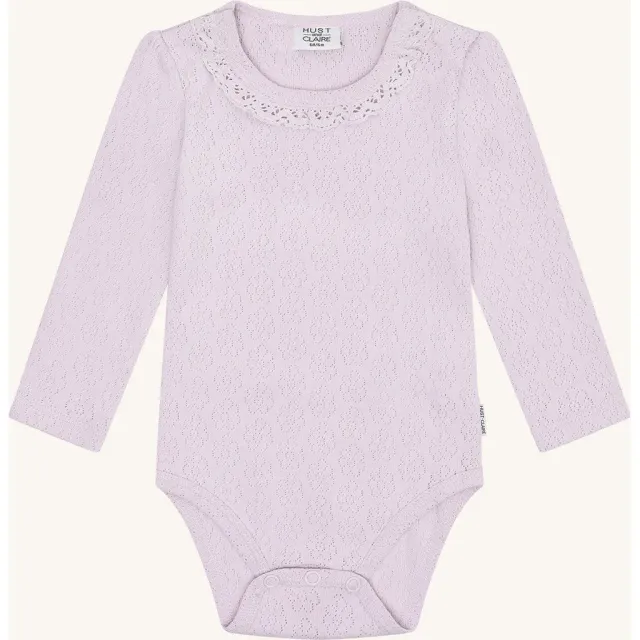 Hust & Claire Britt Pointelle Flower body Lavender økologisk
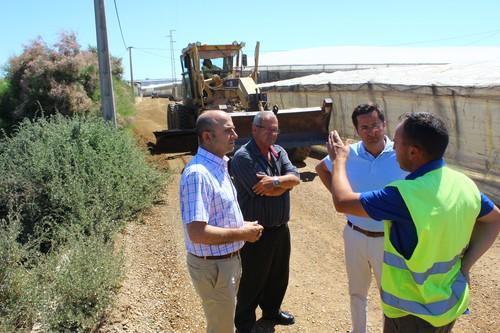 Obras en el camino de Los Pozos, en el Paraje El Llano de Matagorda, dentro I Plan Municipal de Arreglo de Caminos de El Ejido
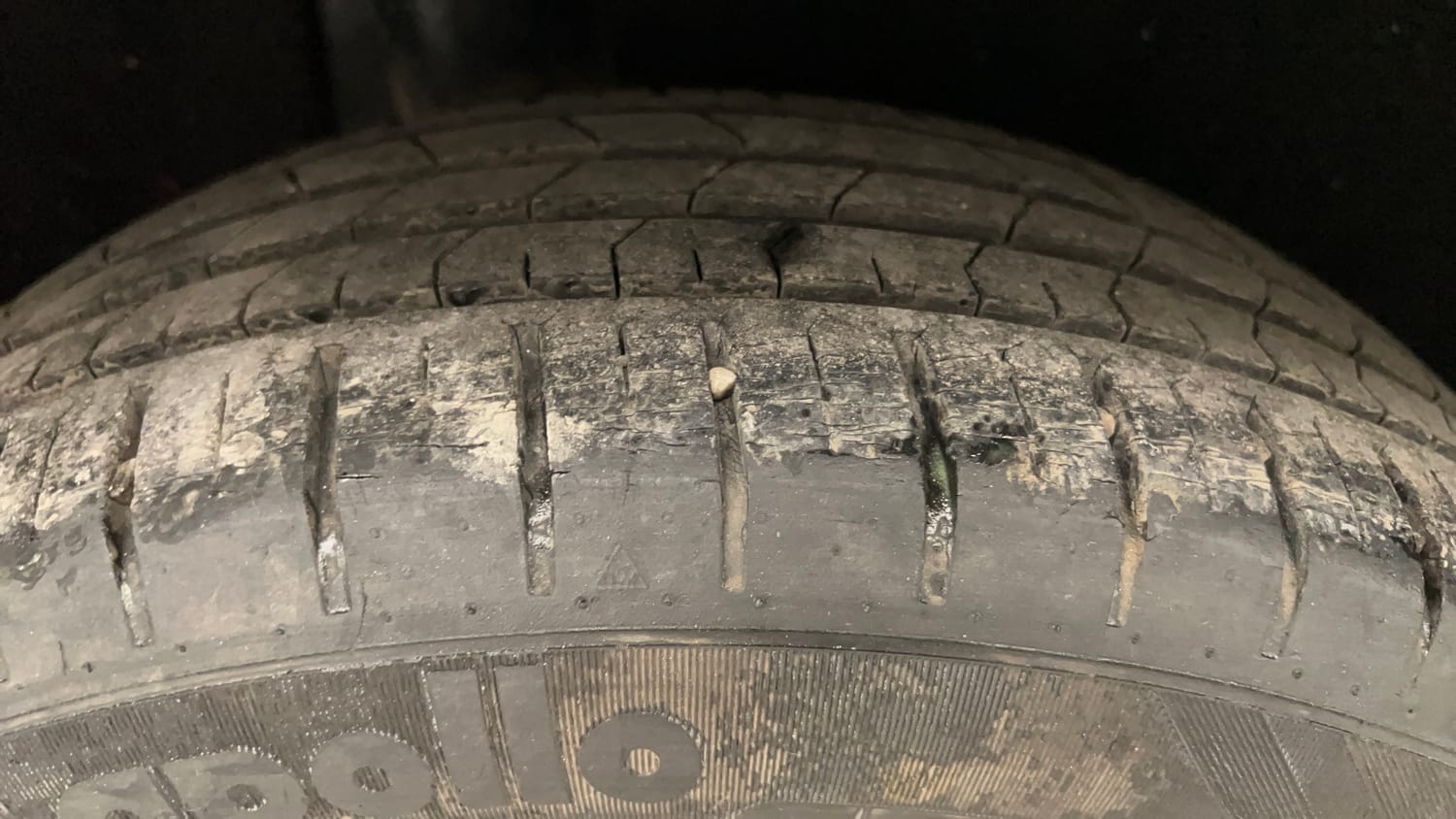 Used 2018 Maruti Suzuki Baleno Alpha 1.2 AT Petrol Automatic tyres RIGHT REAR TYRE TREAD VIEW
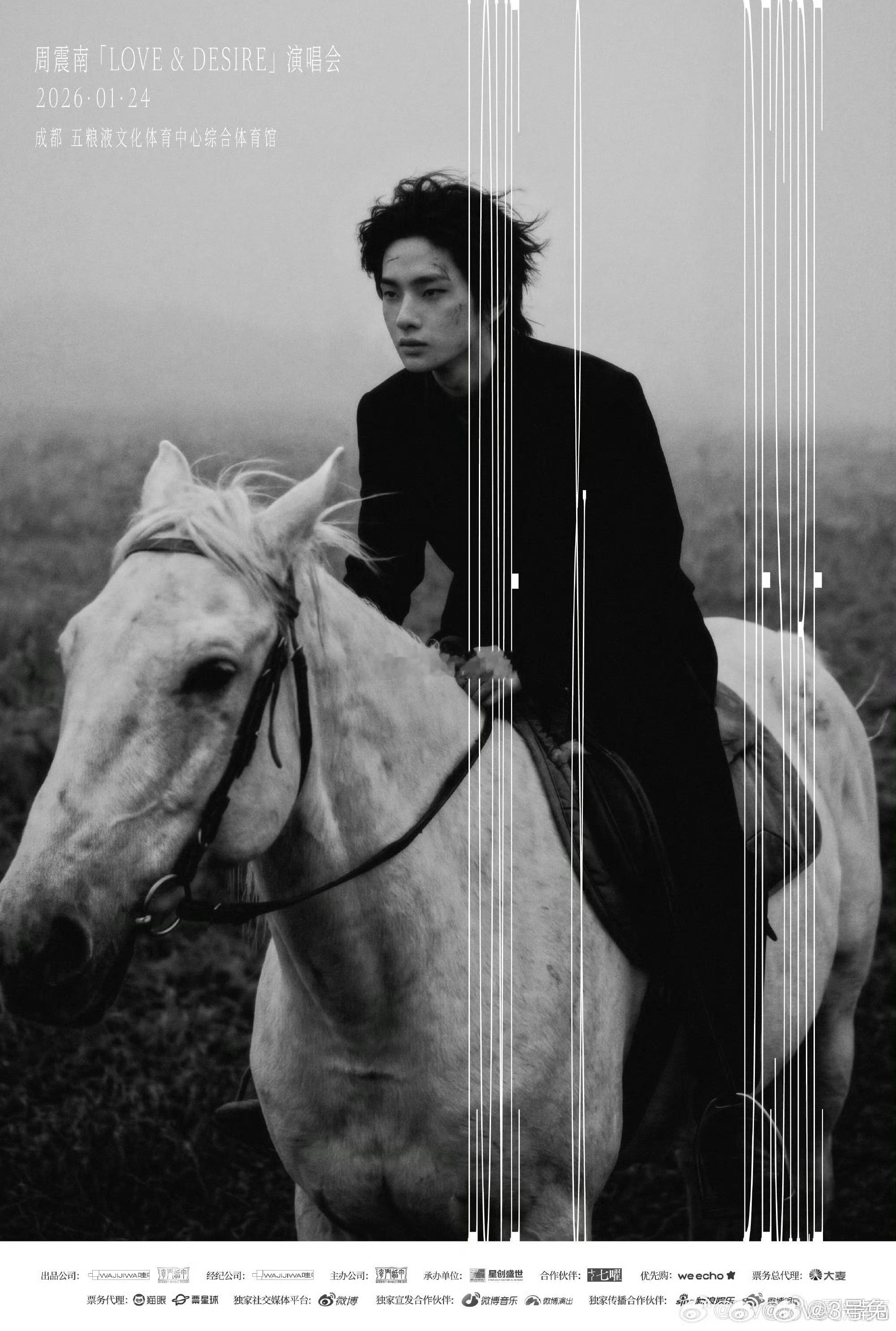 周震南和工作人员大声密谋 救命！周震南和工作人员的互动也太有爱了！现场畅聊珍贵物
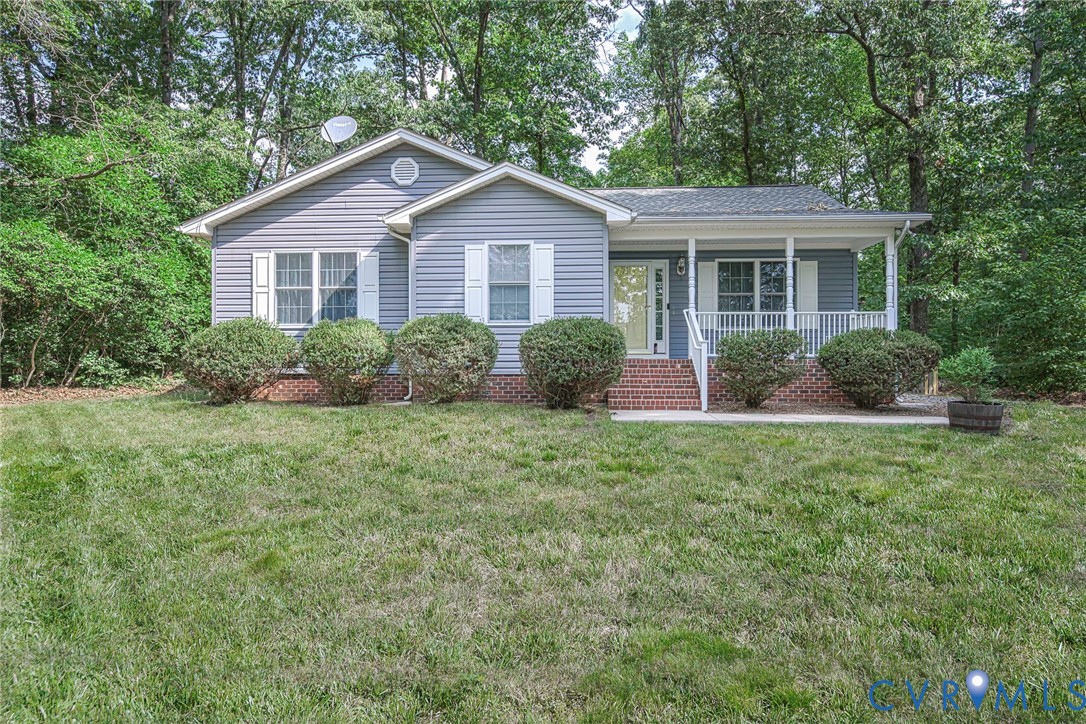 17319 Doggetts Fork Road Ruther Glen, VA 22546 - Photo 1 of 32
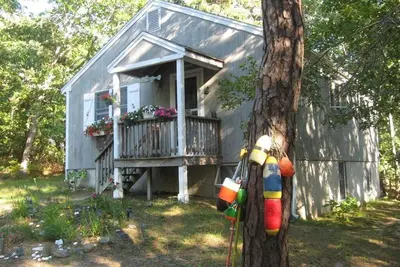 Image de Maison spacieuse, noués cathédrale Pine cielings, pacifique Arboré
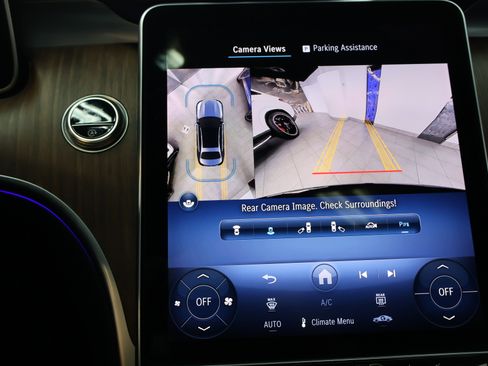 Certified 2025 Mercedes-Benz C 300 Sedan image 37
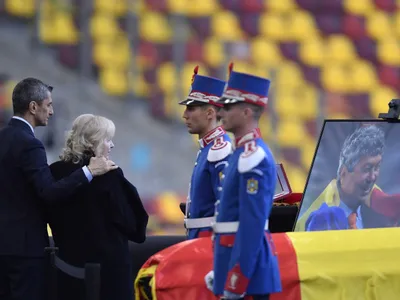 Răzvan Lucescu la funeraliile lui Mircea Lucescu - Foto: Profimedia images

§

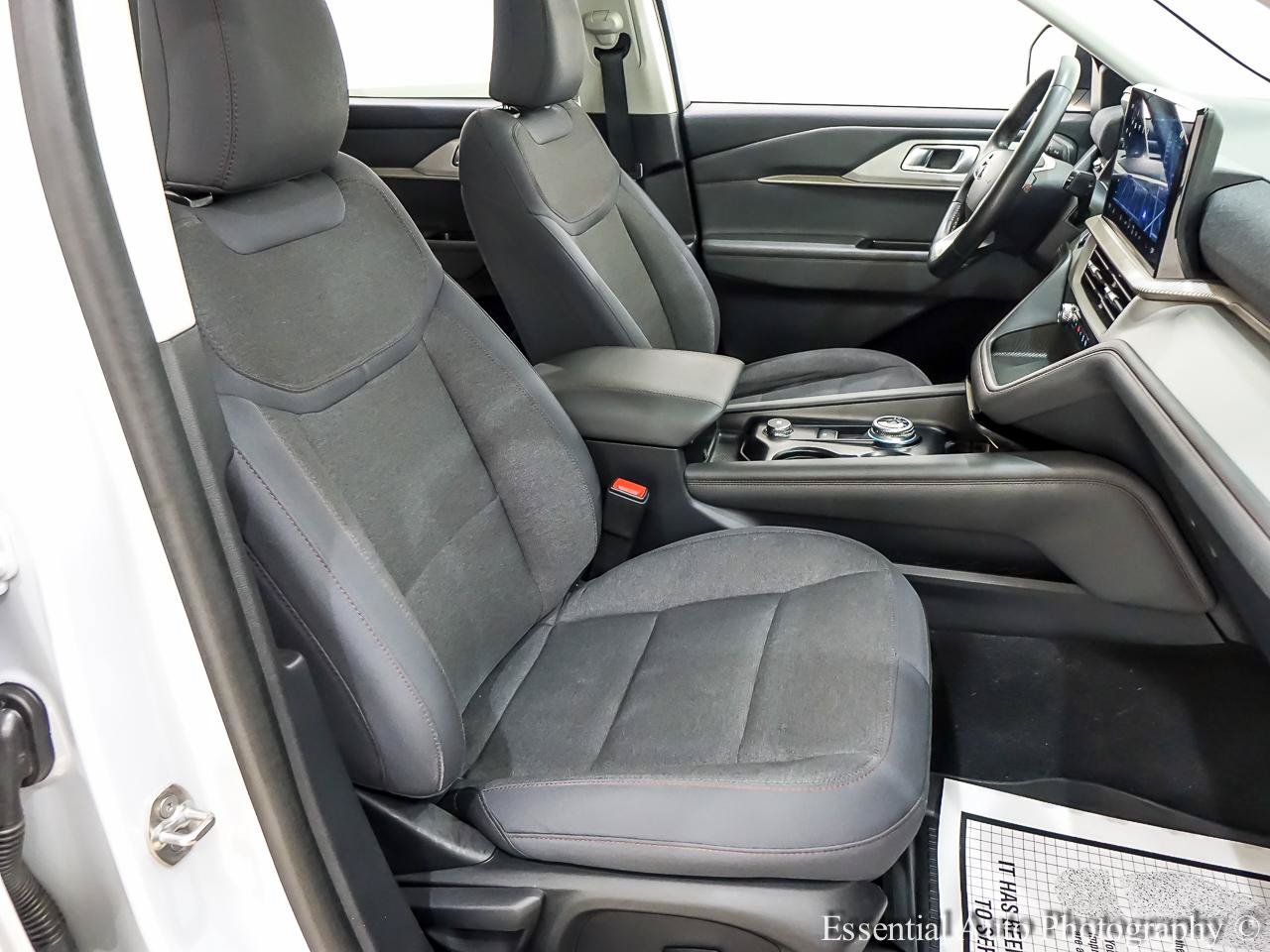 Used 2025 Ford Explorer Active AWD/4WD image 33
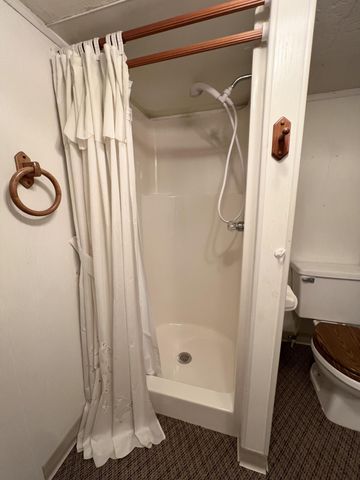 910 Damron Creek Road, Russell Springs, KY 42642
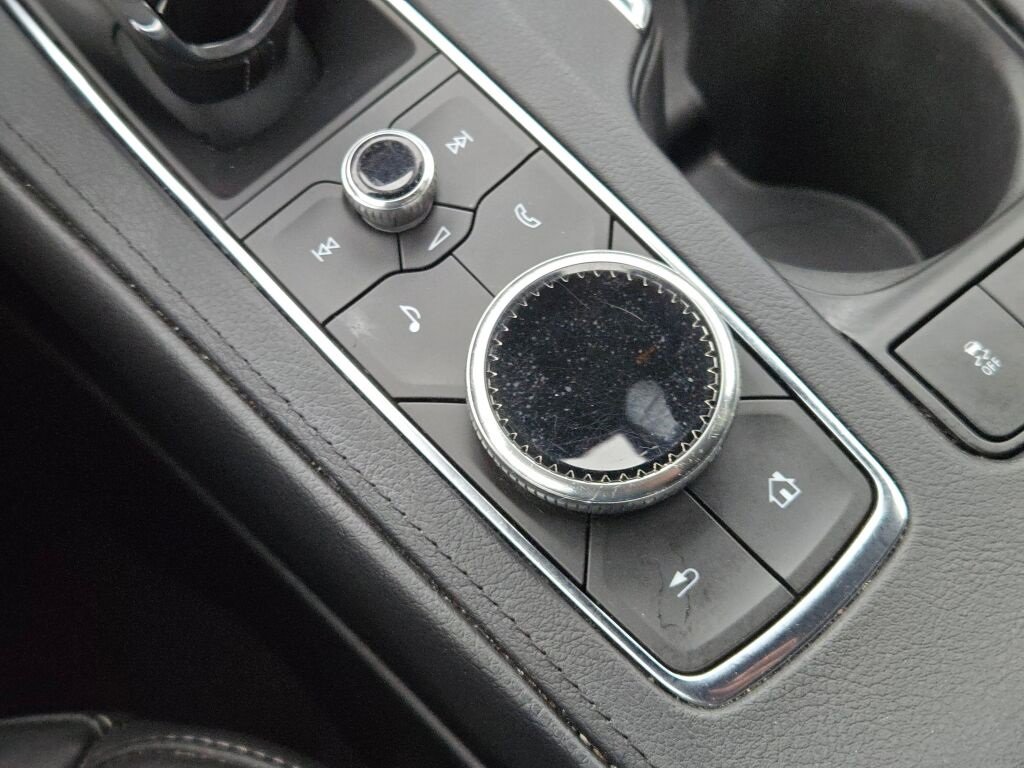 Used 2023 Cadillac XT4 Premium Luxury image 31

§

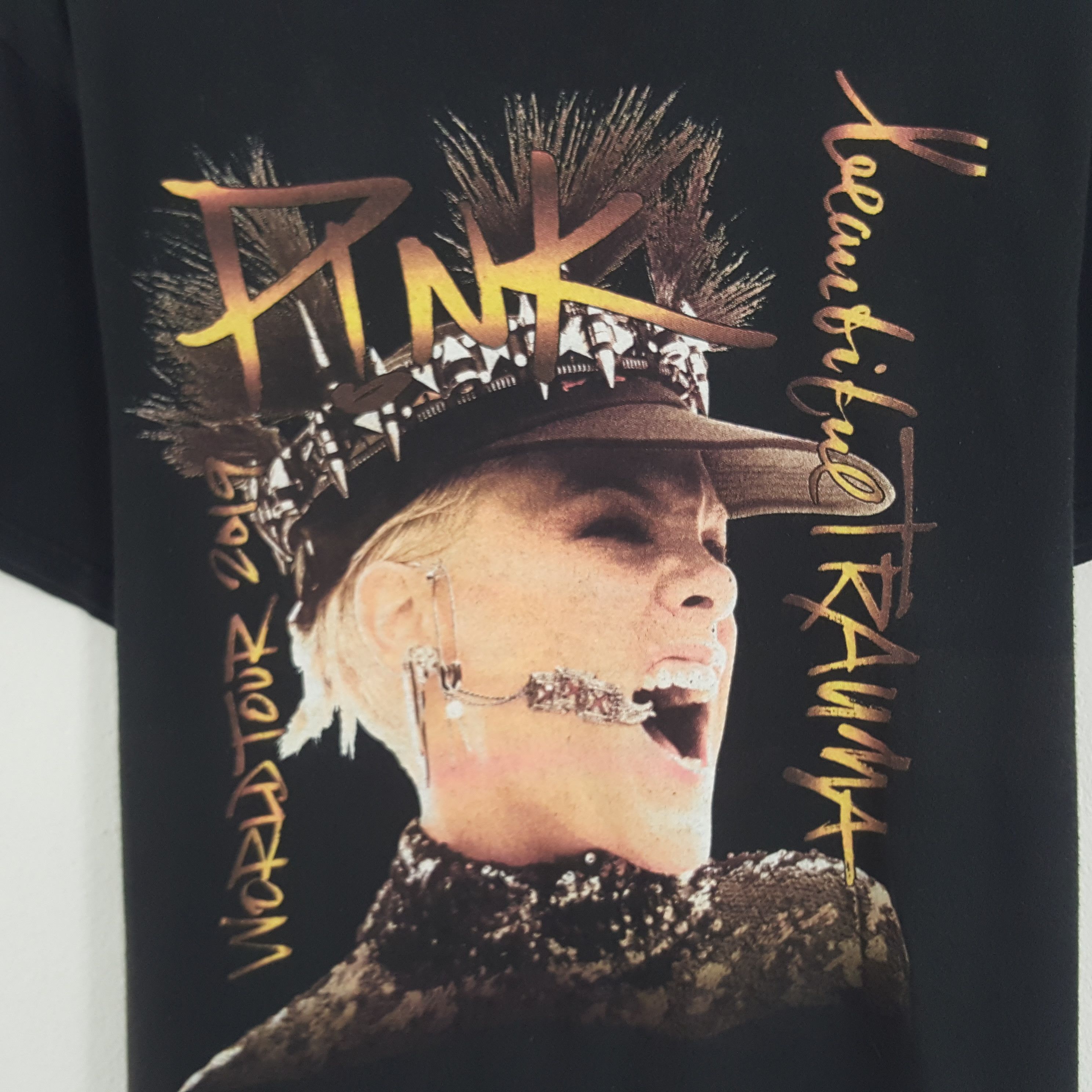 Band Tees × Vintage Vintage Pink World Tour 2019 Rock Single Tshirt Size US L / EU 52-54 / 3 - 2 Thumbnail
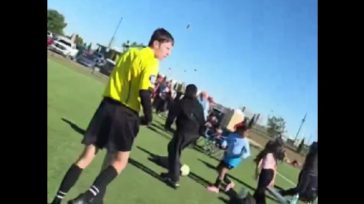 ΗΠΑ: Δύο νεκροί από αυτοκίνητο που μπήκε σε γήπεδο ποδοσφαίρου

§

◆ **Required action**
Copy exactly the material above from the line with "Obras en el" to the line with "Răzvan Lucescu la", ends included, and nothing else. Leave out any picture.

◆ **Answer section**
 Obras en el camino de Los Pozos, en el Paraje El Llano de Matagorda, dentro I Plan Municipal de Arreglo de Caminos de El Ejido
 Used 2018 Maruti Suzuki Baleno Alpha 1.2 AT Petrol Automatic tyres RIGHT REAR TYRE TREAD VIEW
 周震南和工作人员大声密谋 救命！周震南和工作人员的互动也太有爱了！现场畅聊珍贵物
 17319 Doggetts Fork Road Ruther Glen, VA 22546 - Photo 1 of 32
 Image de Maison spacieuse, noués cathédrale Pine cielings, pacifique Arboré
 Certified 2025 Mercedes-Benz C 300 Sedan image 37
 Răzvan Lucescu la funeraliile lui Mircea Lucescu - Foto: Profimedia images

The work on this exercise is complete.